Obama: "Come Comandante in Capo, manterrò le forze armate più forti al mondo, avrò fiducia delle nostre truppe e perseguitò coloro che vorrebbero farci del male. Ma dopo una decade di guerre, credo che tutti noi riconosciamo il bisogno di fare un po' di ricostruzione qui a casa, di ricostruire le nostre strade, i nostri ponti e sopratutto di prenderci cura dei nostri veterani che si sono sacrificati così tanto per la nostra libertà. [...] se avrò il privilegio di essere il vostro presidente per altri quattro anni, vi prometto che ascolterò sempre le vostre voci. Combatterò per le vostre famiglie e lavorerò ogni singolo giorno per assicurarmi che l'america continui ad essere la più grande nazionale al mondo."

Romney: "Questa nazione è la speranza del pianeta. Siamo stati benedetti nell'avere una nazione che è libera e prospera grazie al contributo de "la più grande generazione" (riferimento alla generazione dei combattenti della II Guerra Mondiale, ndr). Loro hanno tenuto alta la torcia affinché il mondo la vedesse - la torcia della libertà, della speranza e dell'opportunità. Ora, è il nostro turno di prendere quella torcia. Sono convinto che lo faremo. Abbiamo bisogno di una leadership forte. Vorrei essere quel leader con il vostro sostegno. Lavorerò con voi. Vi guiderò in un modo aperto e onesto, e chiedo il vostro voto. Mi piacerebbe essere il prossimo presidente degli Stati Uniti per sostenere e guidare questa grande nazione e assicurarmi che tutti insieme manterremo nell'America la speranza del mondo."

Dagli appelli dei due candidati al voto del 6 novembre ci aspettano due settimane di intensa campagna elettorale e di tv, radio, Internet e stampa inondati di spot pubblicitari. unico obiettivo: la conquista degli stati chiave.
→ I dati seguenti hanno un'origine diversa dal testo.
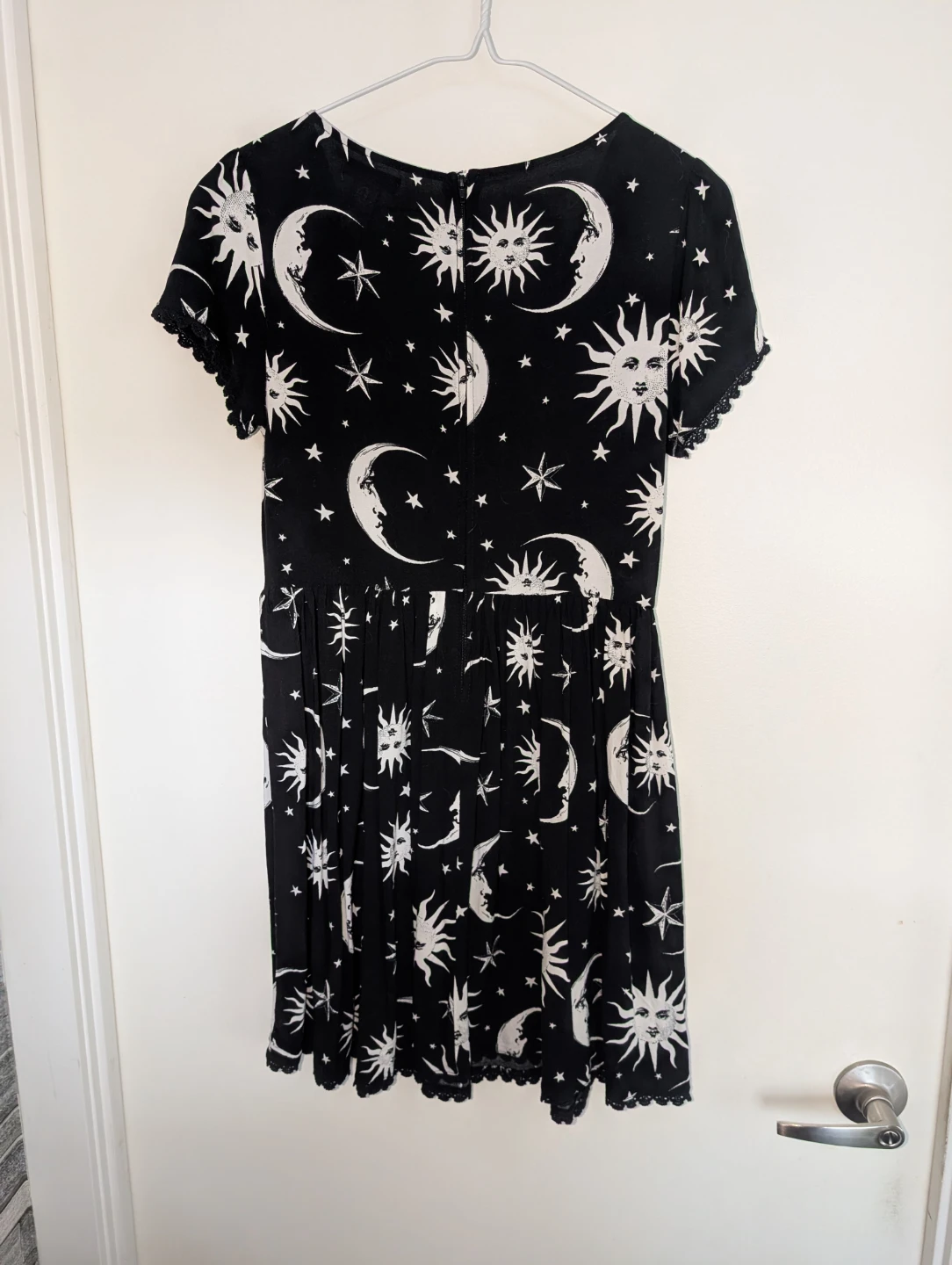 Hot Topic - Sun & Moon Dress - size small - photo 2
I dati dei sondaggi non lasciano più credere ad una vittoria scontata, o facile, per Obama. Tutt'altro. Romney ha dimostrato con la vittoria al primo faccia a faccia di saper tener testa al presidente in carica al punto da risalire nei sondaggi e superare Obama a livello nazionale.

Insomma, in attesa di un'eventuale "sorpresa d'ottobre" - la famigerata "October Surprise", ovvero quello scoop capace di mettere ko l'avversario dal punto di vista d'immagine e politico - non rimane che osservare l'andamento dei sondaggi da qui a qualche giorno e vedere chi, tra i due candidati, saprà reagire meglio e sarà più capace di interpretare al meglio i bisogni  e le speranze degli americani.